DUE TO THE UNCERTAIN AND SHIFTING DEVELOPMENT OF THE NETWORK STORAGE SOFTWARE
MARKET AND OUR RELIANCE ON OUR PARTNERS, WE MAY HAVE DIFFICULTY ACCURATELY
PREDICTING REVENUE FOR FUTURE PERIODS AND APPROPRIATELY BUDGETING FOR EXPENSES.

         The rapidly evolving nature of the network storage software market in
which we sell our products, the degrees of effort and success of our partners'
sales and marketing efforts, and other factors that are beyond our control,
reduce our ability to accurately forecast our quarterly and annual revenue.
However, we must use our forecasted revenue to establish our expense budget.
Most of our expenses are fixed in the short term or incurred in advance of
anticipated revenue. As a result, we may not be able to decrease our expenses in
a timely manner to offset any shortfall in revenue.

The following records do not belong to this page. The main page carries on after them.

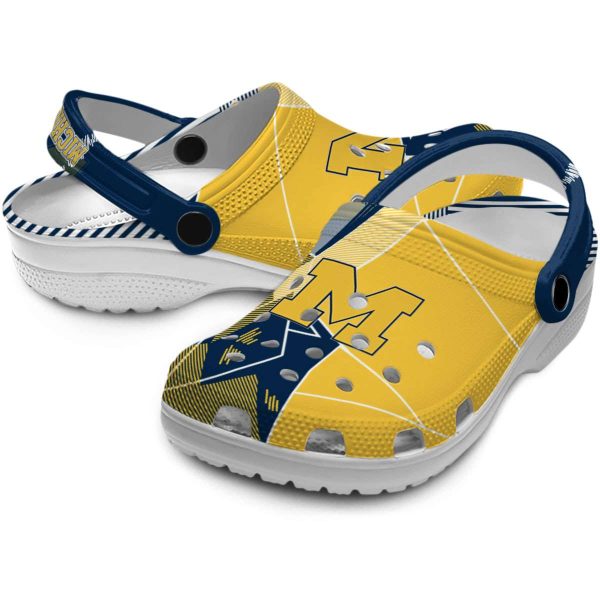 Michigan Wolverines Geometric Background Crocs Latest Model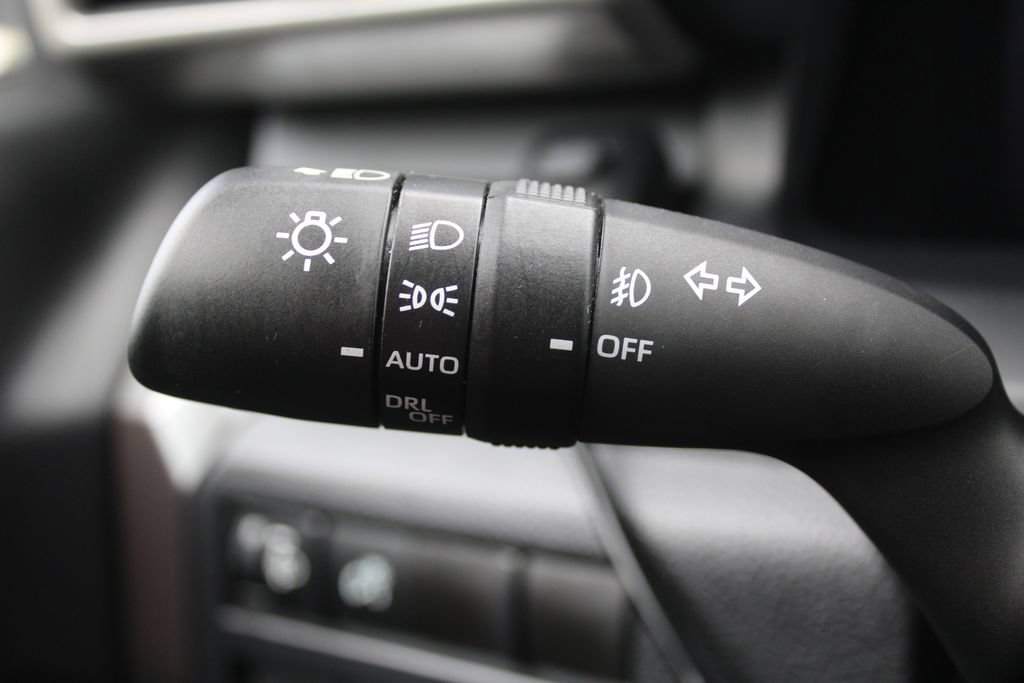 Used 2024 Toyota Tacoma TRD Sport AWD/4WD image 35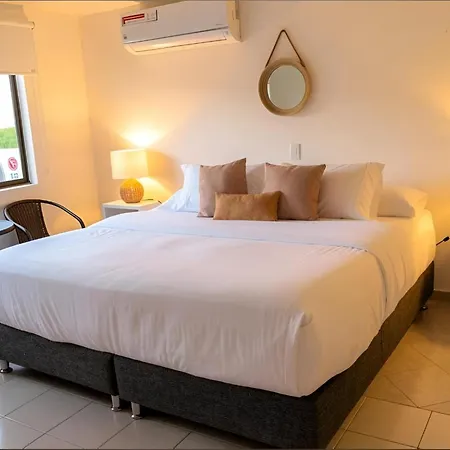 Hotel Mucura & 3*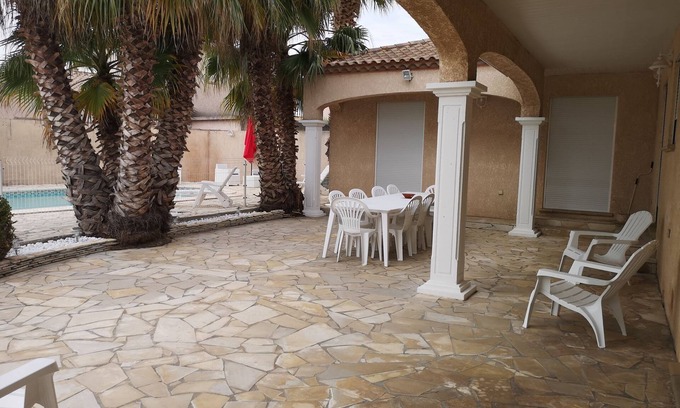 Sauvian Villa | Beautiful villa for 10 people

THE MARKET FOR STORAGE AREA NETWORKS AND NETWORK ATTACHED STORAGE ARE STILL
MATURING, AND OUR BUSINESS WILL SUFFER IF THEY DO NOT CONTINUE TO DEVELOP AS WE
EXPECT.

         The continued adoption of Storage Area Networks (SAN) and Network
Attached Storage (NAS) solutions is critical to our future success. The markets
for SAN and NAS solutions are still maturing, making it difficult to predict
their potential sizes or future growth rates. If these markets develop more
slowly than we expect, our business, financial condition and results of
operations would be adversely affected.

THE MARKET FOR DISK-BASED BACKUP SOLUTIONS IS STILL MATURING, AND OUR BUSINESS
WILL SUFFER IF IT DOES NOT CONTINUE TO DEVELOP AS WE EXPECT.

         The continued adoption of disk-based backup solutions, such as our
VirtualTape Library software, is critical to our future success. The market for
disk-based backup solutions is still maturing, making it difficult to predict
its potential size or future growth rate. If this market develops more slowly
than we expect, our business, financial condition and results of operations
would be adversely affected.

THE MARKET FOR IP-BASED STORAGE AREA NETWORKS IS NEW AND UNCERTAIN, AND OUR
BUSINESS WILL SUFFER IF IT DOES NOT DEVELOP AS WE EXPECT.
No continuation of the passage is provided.